Justice Elena Kagan took exception, saying that profits were just one element of the U.K. formula. Because the tax formula was more complex than a simple share of profits, she said, "it's taxing profitability, not profits." Justice Sotomayor lined up with Justice Kagan, saying the tax was based on profitability as "a mechanism" to tax value.

Chief Justice John Roberts jumped in, cautioning against relying on arguments that the government itself had not made. Justice Stephen Breyer said that the U.S. Tax Court had tax expertise, not judges on an appeals court. The U.S. Tax Court ruled against the IRS when the tax authority sought to disqualify both PPL and Entergy from receiving the foreign-tax credit.

"I tend to be tempted to say, well, the tax courts deserve something," Mr. Breyer said. He added that the "heart of the equation" involved a tax on average income.
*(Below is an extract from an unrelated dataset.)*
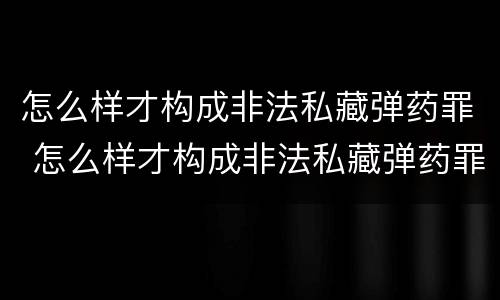 怎么样才构成非法私藏弹药罪 怎么样才构成非法私藏弹药罪呢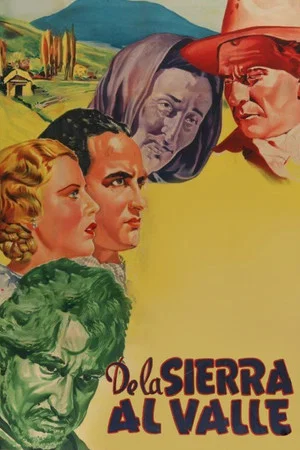 Постер: De la sierra al valle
The outcome of the case will not be known for months and remained uncertain because some justices did not speak and others were inscrutable. Still, the ruling could have implications for a range of other businesses, from oil companies to drug companies, that pay taxes in foreign jurisdictions.

Justice Ruth Bader Ginsburg piped up with a question about whether the U.S. government could come up with new restrictions on foreign-tax credits after the Supreme Court has ruled, asking whether the regulation could be changed if the high court sides with the New Orleans-based Fifth Circuit, which allowed Entergy to take the tax credit. "Could the regulation be changed so it wouldn't happen again?," she wondered.

Ann O'Connell, who represented the U.S. government, said that there was room to make the regulation clearer if the Supreme Court concluded that the windfall tax is an income tax. "If so, then I--I think it should be changed," she said.